## [What is required]
Taking the line with "3 bedrooms, desk, iron/ironing" as the first and the last line of the listing as the final one, please copy exactly those lines and no others, without pictures.

## [Given information]
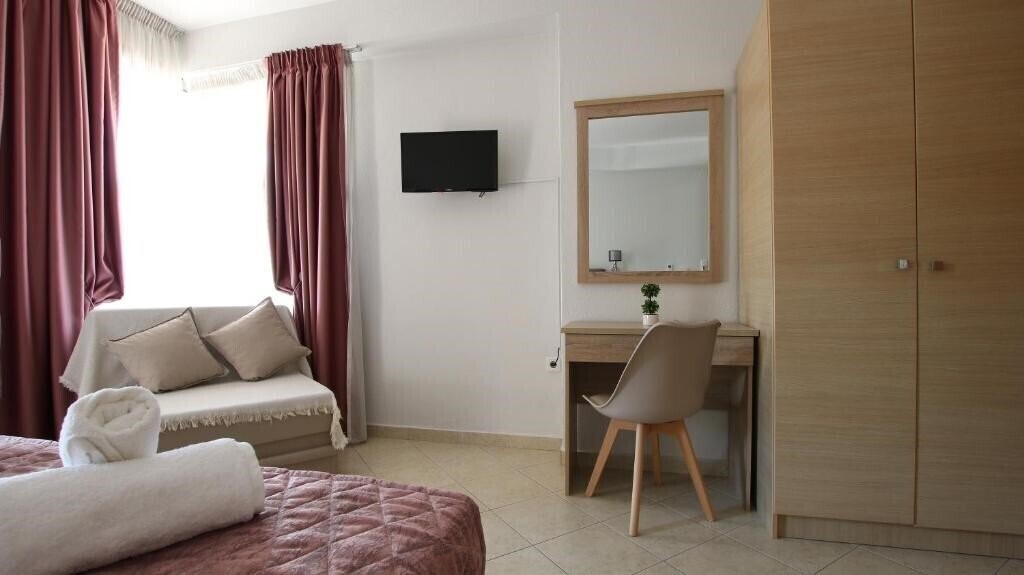 Evilion Hotel 2* суреті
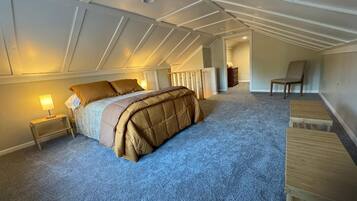 3 bedrooms, desk, iron/ironing board, free WiFi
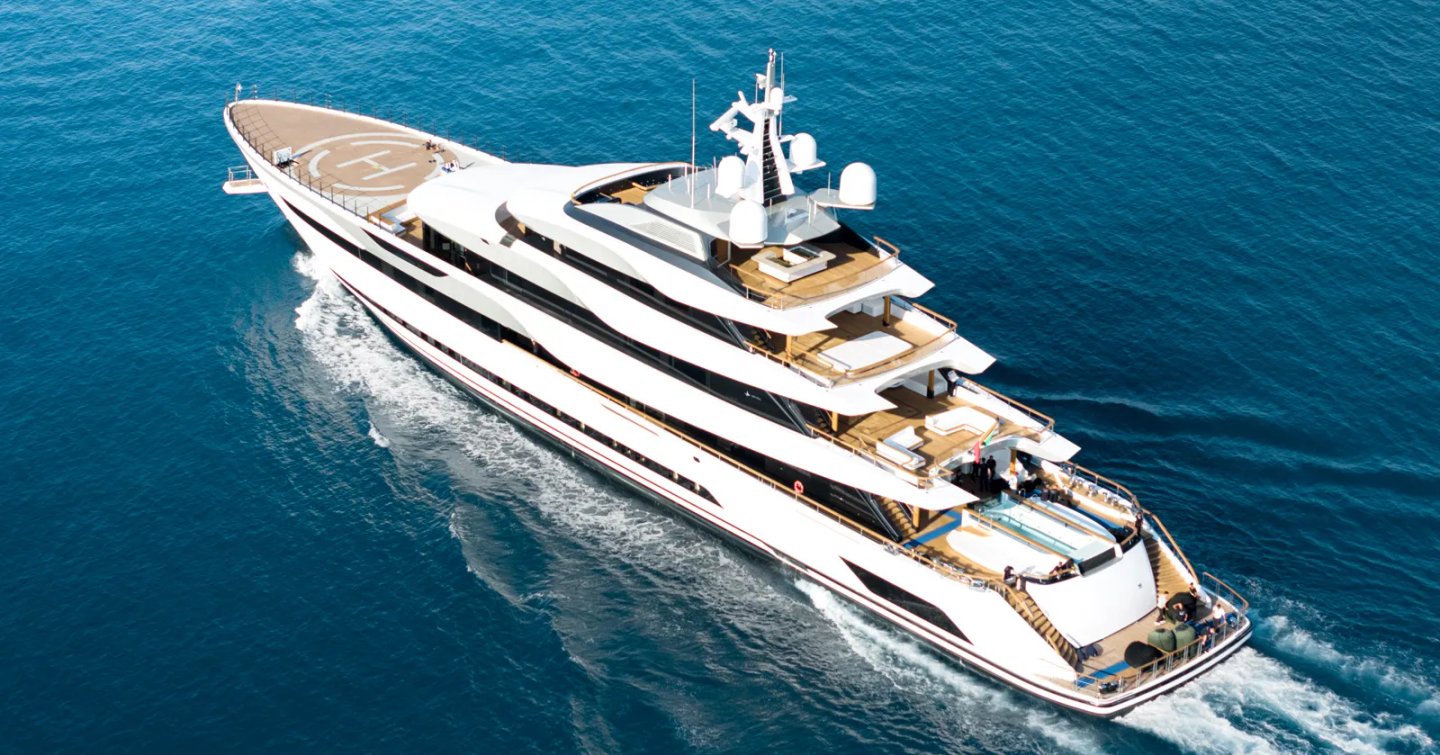 Superyacht PLATINUM at sea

## [Response box]
 3 bedrooms, desk, iron/ironing board, free WiFi
 Superyacht PLATINUM at sea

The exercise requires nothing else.